2) No, most of us don't "hope for the best" with imaging, but would like to actually achieve a reasonable level of confidence. If your approach to data integrity is "you probably won't notice corruption", you don't have an approach to data integrity.
I'm also doing bootable images. But the old way with a r/o initrd, that does then mount the rootfs.
The rootfs can be mkfs and rsynced nicely.
That said, the article is awesome and the idea very clever.
But more to do streaming replication that dd catchup.
initrd with native OverlayFS kernel support is very versatile. ;)
Yet the btrfs, CephFS, or ZFS all have snapshot syncing tricks that make state mirrors far more practical and safe to pull off. =3
Block level copies of boot volumes is high risk, because they are almost exclusively mounted in RW mode via label or guid.
Pretty common problem for someone to do their boot drive, reboot and have it mount their backup.
If you are using iSCSI or anything with multipathing this can happen even without a reboot.
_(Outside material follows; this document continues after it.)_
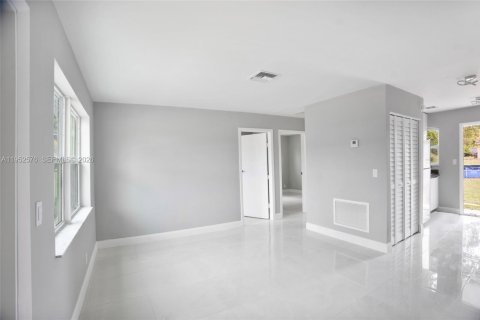 Immobilier commercial à vendre à Riviera Beach, Floride: 115.94 m2 № 2089949 - photo 8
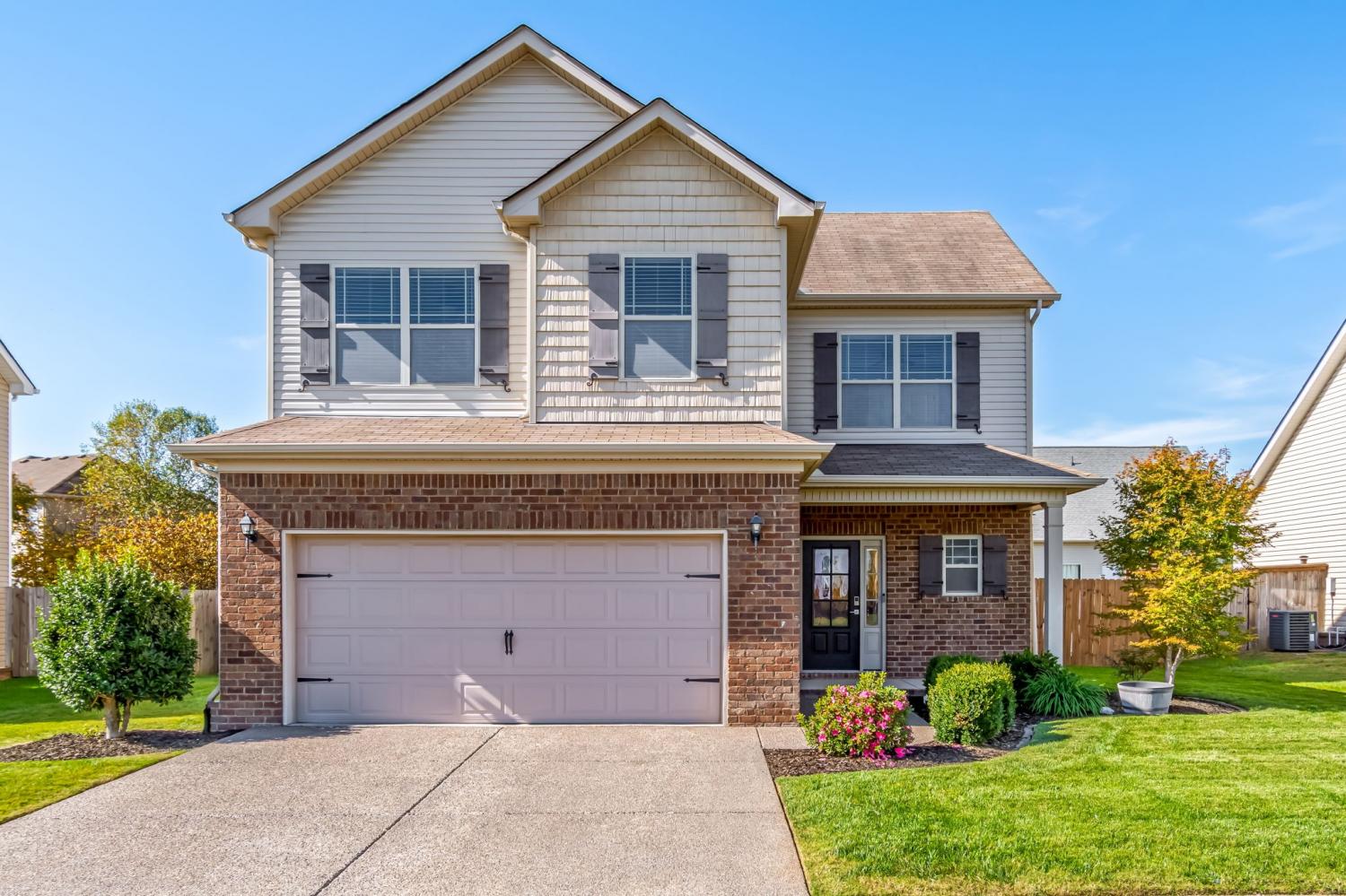 4004-Lexie-Ln For Sale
I know that block level copies seem like a good easy solution. But several decades in the storage admin to architect roles during the height of the SAN era showed that it is more problematic than you expected.
To be honest, full block level backup of a boot volume is something you do when the data isn't that critical anyways.
But if you use case requires this and the data is critical, I highly encourage you to dig into how even device files are emitted.
If you are like most people who don't have the pager scars that forced you to dig into udev etc... you probably won't realize what appears to be a concrete implementation detail is really just a facade pattern.
1) The article stated that using bootable images for backup was a preference. That doesn’t invalidate asking whether that’s an ideal preference
2) Arguing that it might be better to avoid such methods because of possible problems with data integrity isn’t a lack of an approach to data integrity.